This is really a sweet question and I think this is one thing that is so often misunderstood. When a guy truly loves a girl she becomes his first priority over everything and anything else. He respects her, trusts her, treats her kindly and is always happy and proud when he has her by his side because whenever possible he wants to do everything together. He'll always respect her decisions yet help her to make the right ones and she'll listen to his advice. He'll look past little faults she might have as well as imperfections because he realizes he has some of those too. She's the most beautiful girl in the word to him. Last and not least, he will not be after her for sex and stuff like that all the time because he and his girl has a complete understanding on that. Does this sound like the perfect relationship? If it does it is, but if you have a boyfriend that lacks only one of these, he doesn't truly love you. The same can be said of the girl.
This is not true of all guys, you sound like the perfect boyfriend, unfortunately not all guys are as emotionally capable of being like this. love is impossible to describe as it is so individual - 11 months ago
Answerer
Spartan.. then you're really in love. mollyb.. so true what you said about not all guys are as emotionally capable of being like this. but still with any guy, if he loves he should be respecting, trusting, happy to have her with him, is proud of her, thinks she's beautiful and not be after her all the time for sex unless it's mutual. Since these things are in the eyes of the beholder, they will still be there, but on an individual level as you say. Let me know if I'm wrong. - 11 months ago
Huh... I'll be damned. This is perhaps the best mechanical explanation of love (mechanical maybe not the best words, more like "nuts and bolts on actions") that I've ever read. Touche good sir, touche. Wise beyond your years! - 11 months ago
Answerer
Thanks! - 11 months ago
Question Asker
Looks like everybody agreed before I did. :-). Thanks I hope I experience that one day - 11 months ago
she didn;t know why and that her feelings just changed... she started noticing the other guys. so we broke up the night before our one year. I miss her a lot trying to give her her space just hoping that maybe we'll get another chance but only time will tell...

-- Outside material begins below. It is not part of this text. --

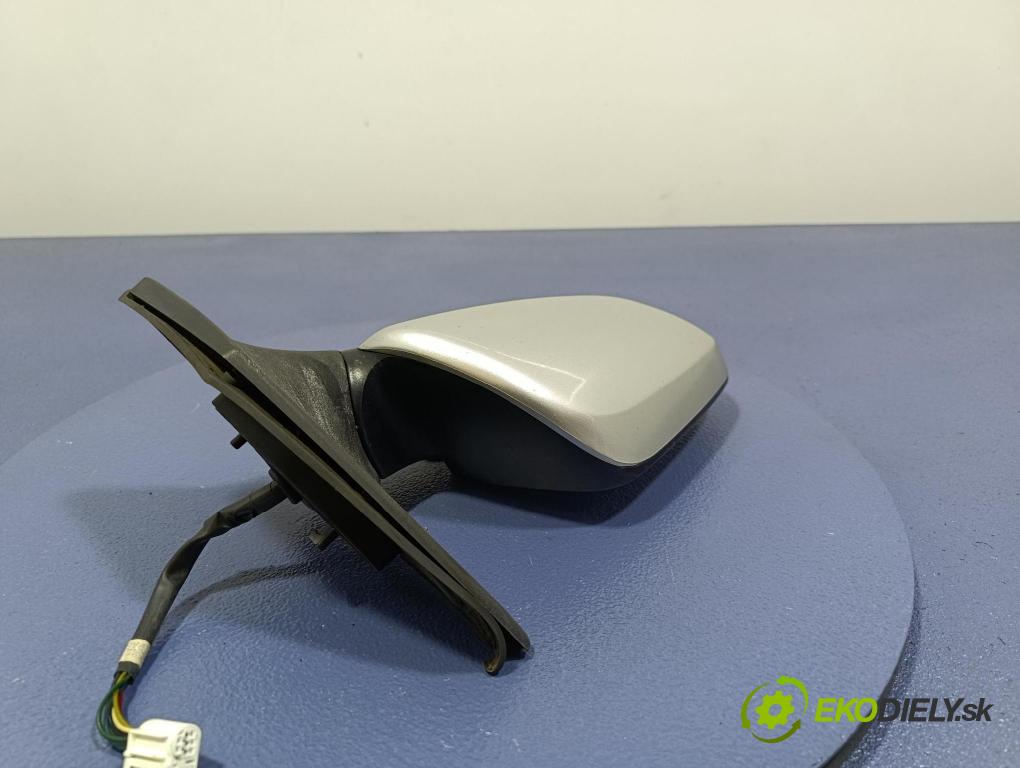 Toyota Avensis 2003 zpětné zrcátko prave 3004-742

This was a continuation to the comment I hope your able to tell the difference in your situation in mine I'm convinced what we shared while together was love
We went off to school a very strong couple I wasn't worried at all... a couple weeks went by missed her so much but things were still good we weren't that far and I could go see her relatively soon. well another week or 2 went by and she started acting.... way differently I was getting scared so I confronted her on it so I took the next chance I could made the hour and a half drive took her out to eat sat in her room where she couldn't look at me. there she told me she didn;t know why but her - 10 months ago
I know what you mean its kinda hard to tell the difference. I believe if they can count on you trust you and if you feel the same way and that you both equally would do anything for each other even jump off a bridge like the saying goes then that's love.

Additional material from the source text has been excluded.